Les sourires commencent dès les premières scènes alors qu’un étudiant en physique traumatisé par des événements inexplicables une dizaine d’années plus tôt finit par être nommé «apprenti-sorcier» par un magicien excentrique. Ce qui signifie, inévitablement, qu’il sera entraîné dans un conflit immémorial entre bons et mauvais sorciers, avec les complications romantiques qui ne tardent pas à surgir dans ce genre de situation. Tout cela accompagnés de nombreux effets spéciaux pour illustrer les effets de la magie.
Avec le producteur Jerry Bruckheimer qui supervise, on ne sera pas surpris si un peu d’excentricité épice un film qui aurait pu être ordinaire. Le rôle du jeune apprenti est ainsi confié à Jay Baruchel, acteur montréalais sympathique tout à fait qualifié pour jouer un intellectuel malhabile.
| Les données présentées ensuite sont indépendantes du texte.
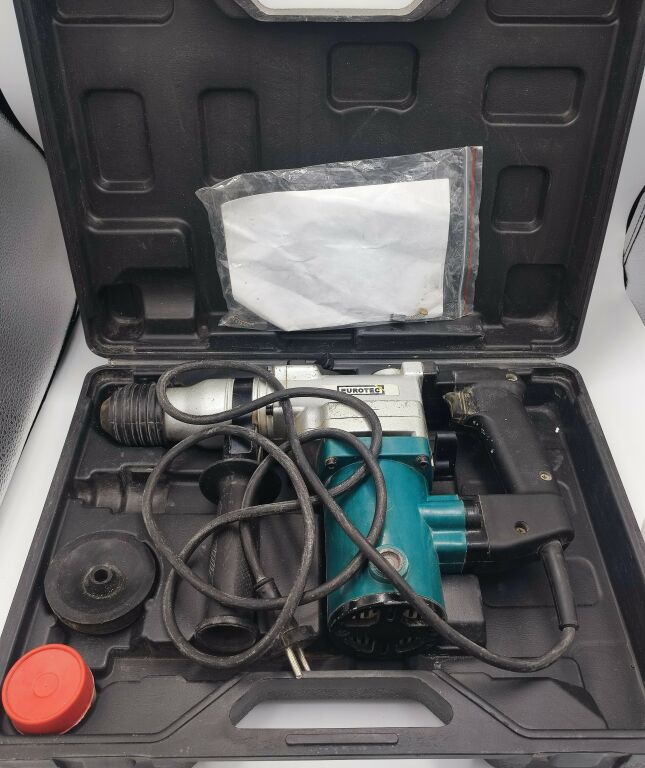 EUROTEC RH208 + WALIZKA POLECAMY !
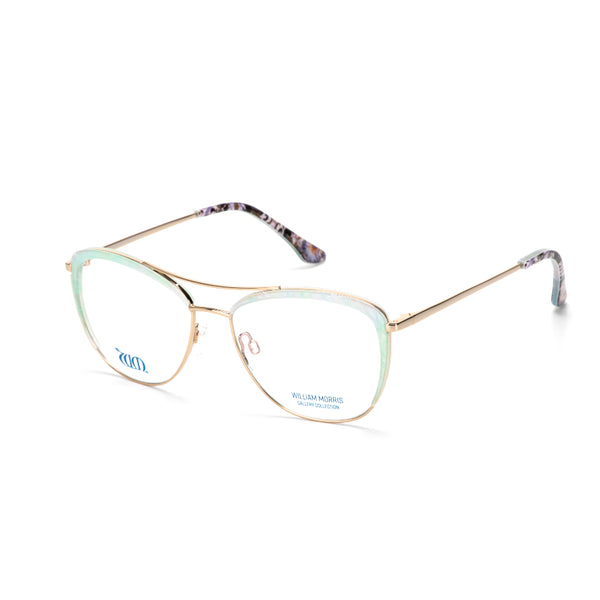 Lodden in Green from the William Morris Gallery Collection acetate range side view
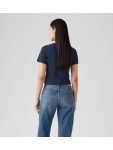 A8798-0045 GR ESSENTIALS SPORTY TEE BLUES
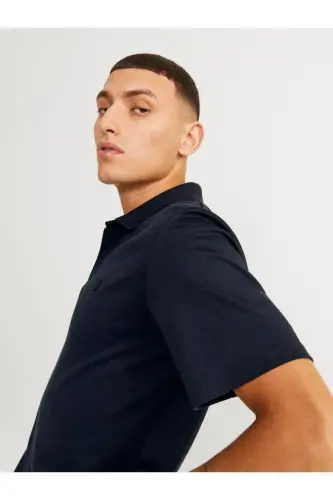 JPRCCRODNEY SS POLO NOOS Night Sky - Lacivert - 3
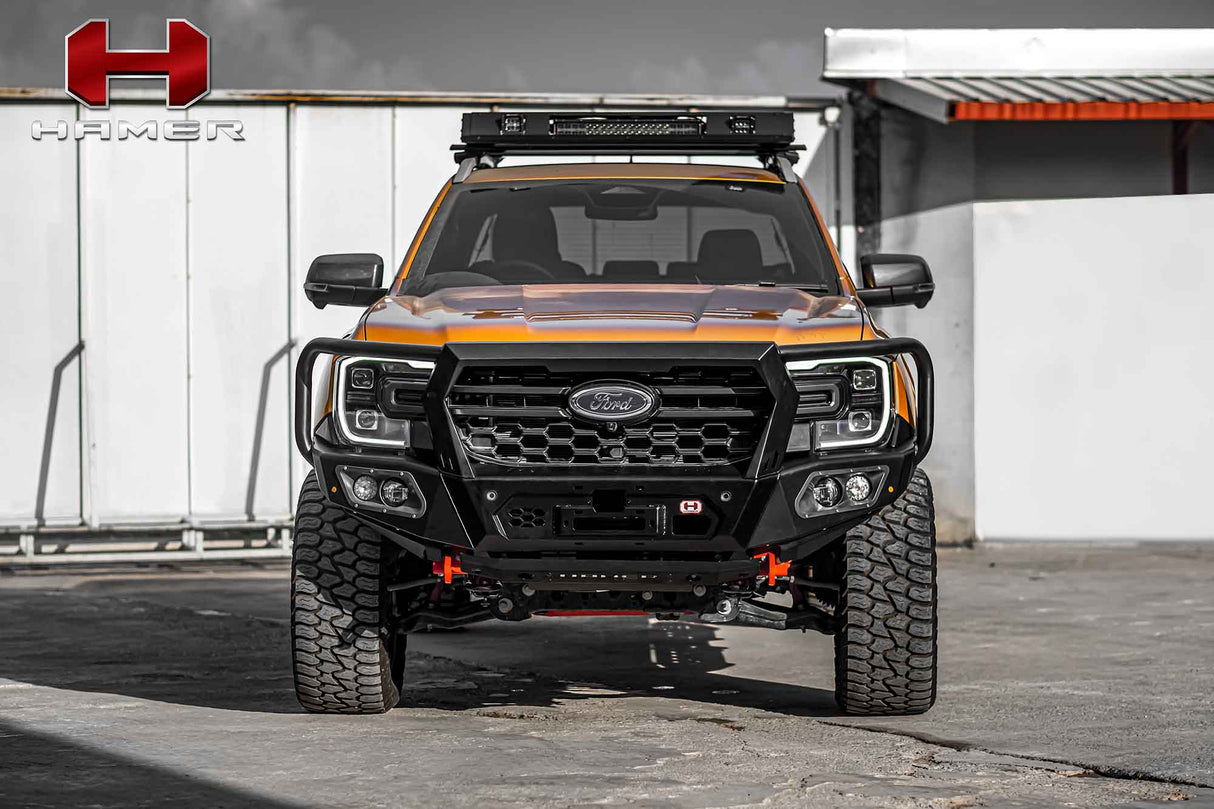 King series Plus bull bar for Ford Ranger (2022 – Present)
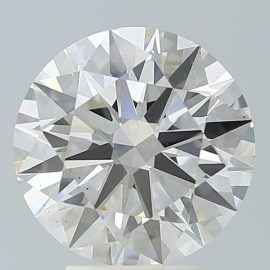 4.19 Carat - G - VS2 - Cut - ROUND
Son partenaire étant Nicholas Cage en mode cabotin, il en résulte des dialogues délicieux qui seraient complètement tombés à plat avec deux autres acteurs. En effet, les six scénaristes ayant compris que l’audience du film en a vu d’autres, personne ne tente de réinventer la roue. Les dialogues atteignent donc un degré autoréférentiel parfois amusant. Ainsi, lors d’une poursuite automobile truffée de trucs magique, le sorcier répond aux questions évidentes de son apprenti avant même que ce dernier n’aie le temps de les poser.
Au final, malgré une impression de déjà-vu, et quelques scories – on notera une séquence de nettoyage magique, rendant hommage à Fantasia mais si burlesque qu’elle ne cadre pas avec le reste du film –, c’est un film bien supérieur dans le genre que d’autres tentatives cinématographiques récentes, comme Percy Jackson and the Olympians.